The Mission Based Deployments (MBDs) which was started in 2017 have been of immense value to the Indian Navy for as the Navy chief said “when ships are on regular deployment in key areas in the IOR, they increase their familiarity with the area of operation. We are also available for response in any situation.”

The MBD has actually transformed the Navy from a deployment-ready Navy to a deployed Navy and there is a need  to continue with this particular method of deployment. The MBDs are regularly analysed in detail specially  the gains made and the challenges faced. MBDs are not static in one place, they are constantly analysed and reviewed.

India inking agreements like LEMOA (Logistics Exchange Memorandum of Agreement) with USA and logistics agreements with Australia and Japan are indeed significant since Indian Navy  ships are  able to take fuel from their tankers.

The main thing that navies require is ‘Reach and Sustenance’. These are two very important principles on which any Navy operates. The agreements including foundational agreements, have helped the Indian Navy in being able to achieve this ‘Reach and Sustenance’, which is very important for us, the Navy Chief said.

The Navy’s Maritime Capability Perspective Plan (MCPP) focusing on acquisition of capability to protect  national interests in the maritime domain is expected to undergo some changes   with the Department of Military Affairs (DMA) coming in, who are looking into the joint aspects. There is now the Integrated Capability Development Plan (ICDP).

In keeping with Navy’s  30-year submarine programme, the Project-75 is now moving on track. The submarine arm of the Indian Navy got a boost as it will be commissioning the fourth Scorpene submarine Vela by month-end. And thereafter, in short succession, the fifth and sixth Scorpenes will join. They bring with them quite a good capability, a modern submarine with good armament. Meanwhile, the SSKs – 209s (German HDWs) and EKMs (Russian Kilo) are being put through the Medium Refit Life Certification (MRLC) process which will give them an additional life of 10 to 15 years.

This becomes imperative considering the speed with which PLA Navy is building its submarine fleet which according to available information stands at 66 and China has three fleets of submarine – North Sea Fleet, East Sea Fleet and South Sea Fleet.

Another area of focus of the Indian Navy is the unmanned area for which a road map was unveiled recently. In keeping with this plan, there will be a transition phase where it will first shift from manned to optimally manned, then a manned-unmanned hybrid kind of concept and then in certain disciplines, will move to fully unmanned.

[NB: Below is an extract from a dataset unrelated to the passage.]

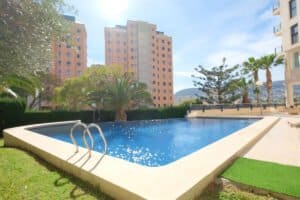 Foto van Appartement in Calpe – afbeelding 3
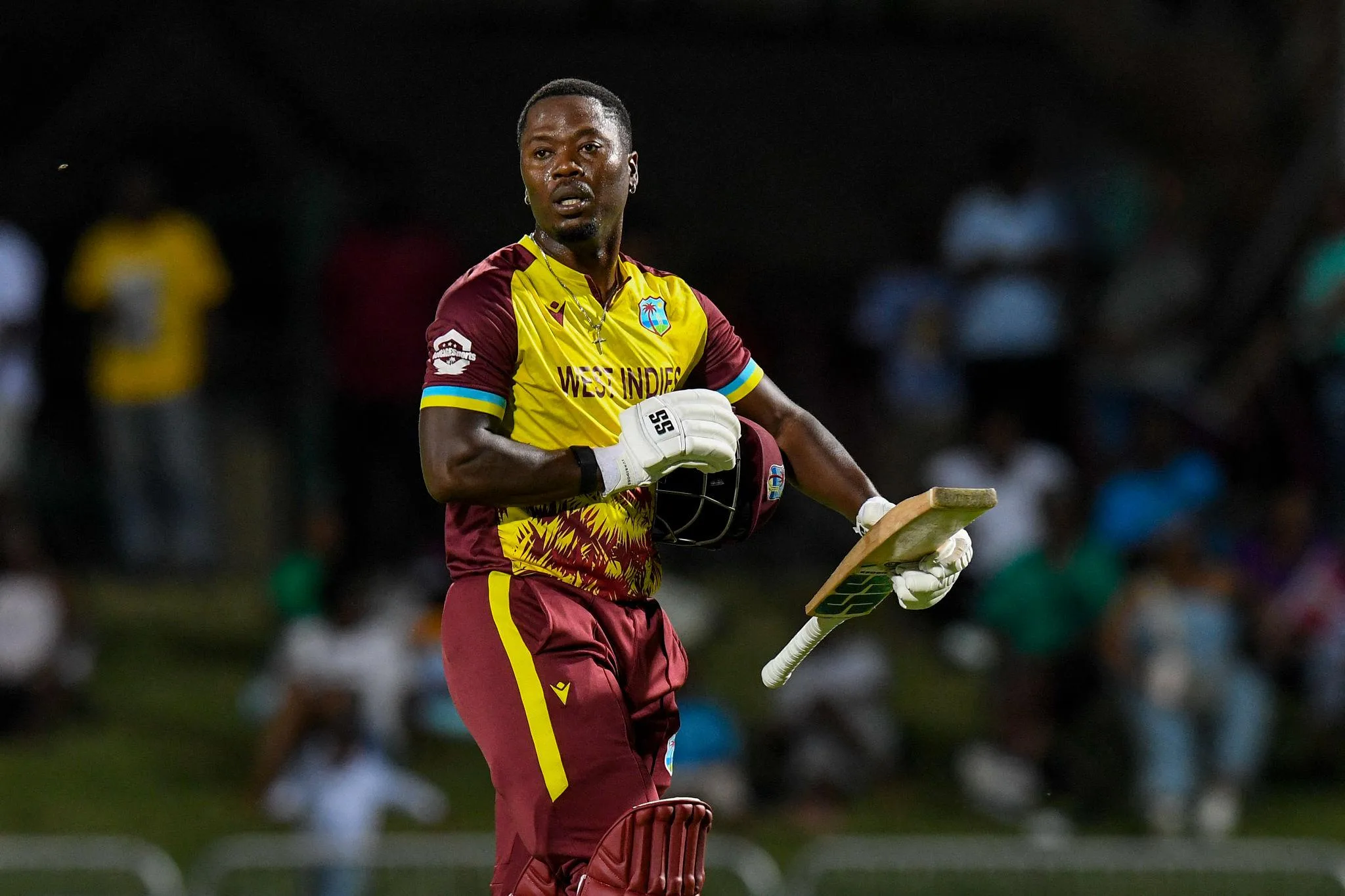 West Indies v/s England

The Navy Chief said, “This unmanned is very intimately wedded to the Indian Navy’s concept of operations and most importantly, we have looked at how we balance this fleet of manned and unmanned, including manned unmanned teaming. Thereafter, we also looked at what are the Technology Readiness Levels (TRL) because it’s not just the platform, but unmanned systems will have to be part of the entire philosophy of operations.”